La bambina invece nacque in America. Figlia di immigrati tedeschi, si chiamava Sophina Werner ma divenne famosa col nome banale di Betty Smith. Nel 1943 pubblicò Un albero cresce a Brooklyn (Neri Pozza, pagg. 528, € 14,00), romanzo autobiografico divertente, triste e molto vero, che rievocava la sua infanzia a Williamsburg. Anche il film che nel 1945 ne trasse Elia Kazan ebbe successo. Ciò che lo rende interessante ancora oggi non è tanto la descrizione del quartiere di New York in cui si incrociano e si scontrano tante comunità, né le storie dei vari personaggi. La letteratura americana – da Henry Roth a Di Donato, da Fante a Mc Court – ci ha regalato magnifici racconti di americani "nuovi", cresciuti in scalcinati sobborghi popolari, fra razzismo, alcolismo e altre miserie. È proprio la prospettiva di Sophina – la bambina che tutto guarda. In letteratura, le bambine ancora si contano sulle dita di una mano.

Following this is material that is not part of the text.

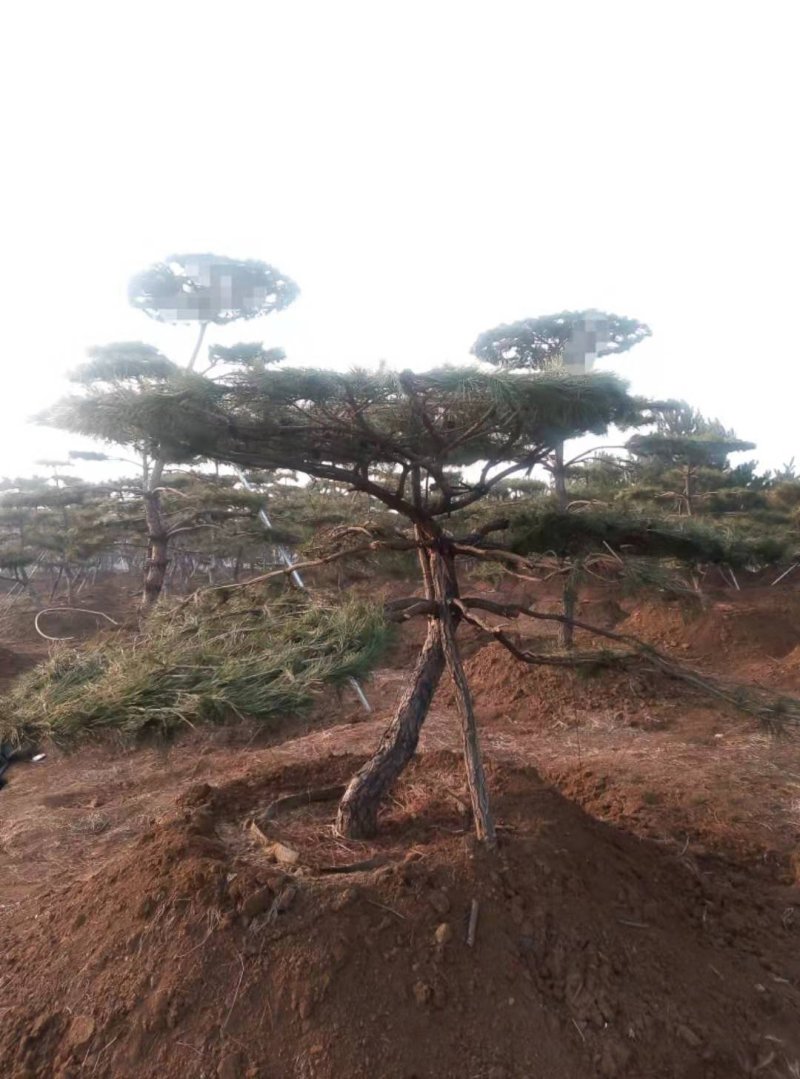 造型松，景观松，大型古松造型黑松造型油松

E un bambino è anche al centro di Un giorno è bello e il prossimo migliore. Un siciliano in Australia (Terre di Mezzo, pagg. 310, € 14,50), lo struggente racconto di Antonio Sbirziola, siciliano di Butera emigrato in Australia, vincitore nel 2006 del Premio Pieve Santo Stefano. Anche qui, la prospettiva è nuova. Non si tratta della "solita" storia di emigrazione. Operaio alle ferrovie, Sbirziola ce l'ha fatta: ha una bella famiglia, un mestiere sicuro, un avvenire solido. Però ha anche un sogno, e questo sogno lo perde. Il sogno è possedere una casa spettacolare. La costruzione della casa del sogno coincide con la nascita del figlio minore, malato di cuore. La lotta di questo padre per coronare il suo sogno e salvare il bambino è la storia più epica che vi possa capitare di leggere in questi giorni. Sbirziola – autodidatta sradicato in un altro continente – scrive una lingua inventata, una sintassi scombicchierata e avventurosa: combatte con l'italiano come con gli operai, le banche e i dottori. Ma, come Vincenzo Rabito, che con Terra matta (Einaudi, pagg. 412, € 18,50) ci ha regalato un'avvincente epopea della nazione italiana, alla fine riesce a domare le parole per raccontarci molto più della propria vita, una storia universale di amore paterno e riscatto, di utopia e dolore, di fiducia nel potere della scrittura di redenzione dalla morte che la letteratura dei professionisti sembra avere perduto.